Week 3 - Privacy Law
Privacy is "the right to be let alone." Today, some would argue that it is more about the rules we have as a society for managing the collection, use and disclosure of personal information. For the full presentation introducing you to our new module focus, review Privacy. Download Privacy.
The human right to privacy is quite simply “the right to be let alone”. There are two aspects to this right: Decisional Privacy and Informational Privacy. Decisional privacy is the right to be let alone with respect to how we live our lives – who we partner with, how we raise our children, what medical treatment we accept, and reject etc. Historically this right is most affected by government actions that attempt to restrict the full expression of privacy by citizens. For example, attempts by states in the U.S.to restrict the right to reproductive freedom for women raise the issue of the right to privacy and because these cases are about government restrictions, they concern the right to privacy as it is protected in the U.S. Constitution.
Informational privacy is the right to be let alone with respect to information or data that reveals knowledge about us. Sensitive information such as social security numbers, race, gender, religion, health data, including fitness levels, genetic data…. All of this information reveals a part of who we are.

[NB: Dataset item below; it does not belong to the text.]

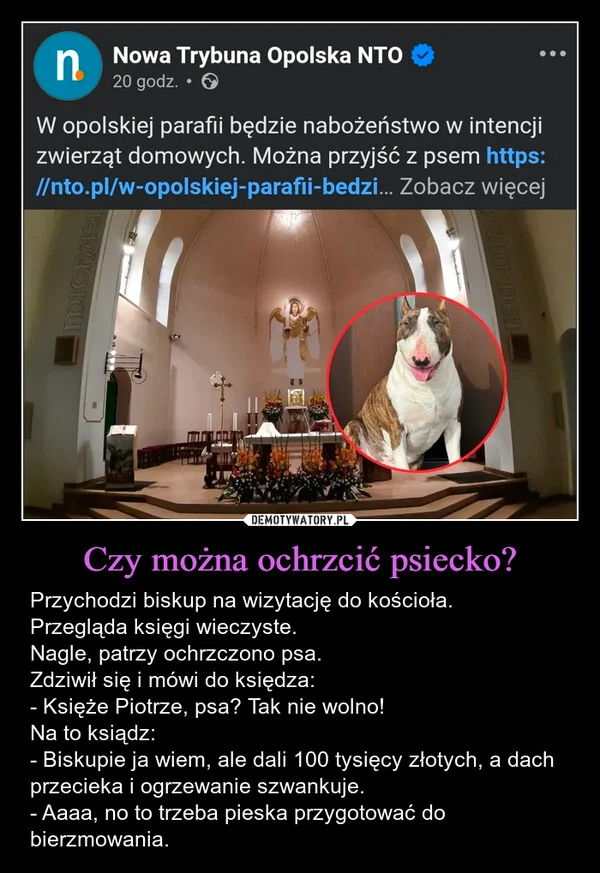 
    Czy można ochrzcić psiecko?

Outside of constitutional protections against government actions that restrict our privacy most of the law that protects privacy, particularly informational privacy, is protected by sector in the U.S. There is not one overarching rule that otherwise protects individuals from having their information accessed, used or shared without their consent. Instead, the statutes protects sectors of information and so there are laws to protect our health data, financial data, student data, credit data and even our genetic data from being accessed, used and shared without our permission. The limitation of these laws is that they are specific. For example, the Genetic Information Privacy Act protects against access, use and sharing genetic information by employers and insurance companies. HIPAA (Health Insurance Portability and Accountability Act of 1996) is United States legislation that provides data privacy and security provisions for safeguarding medical information and regulates covered entities that have access to that information.
In the context of new technologies such as data analytics and AI, these existing laws will need to get stretched in their application. So, for example, can one argue that a data broker is a “covered entity” under HIPAA that needs to follows the specific rules about how to manage individual medical information? And if they fail to do so, there will be a fine and other remedies for the individual whose medical information was mishandled.

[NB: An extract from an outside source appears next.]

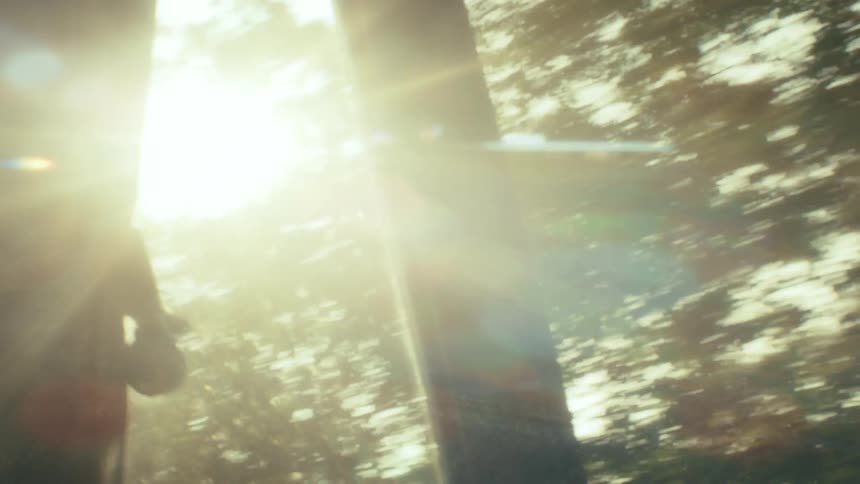 The car drives past the forest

Finally, in the U.S., there is common law that protects privacy in an area of law called torts. Tort law protects individuals from wrongs committed by another that cause physical, financial and emotional harm. When a person or organization intrudes into areas where we have a reason to expect privacy, or accesses and shares personal information that we expect to be able to keep personal, then there may be a civil lawsuit claiming damages for that harm.
All this said about privacy law in the U.S., the current story of U.S. privacy law is arguably considered by Americans to be more of a privilege than a right. The willingness of individuals in the U.S. to share forward their information – in transactional exchanges online, in fitness challenges at work, and on social media like Facebook, snapchat and dating sites, suggests that there is an evolution in how we consider information that is intimately personal to us. What happens, however, when we come to learn that all of this personal data is being accumulated to create what privacy scholars like Daniel Solove call “digital biographies” about us, and all of the sudden technologies are having a hand in defining the very persons that we are? Because we are so willing to share our information, it becomes harder to argue we had an expectation of privacy in that data at the outset.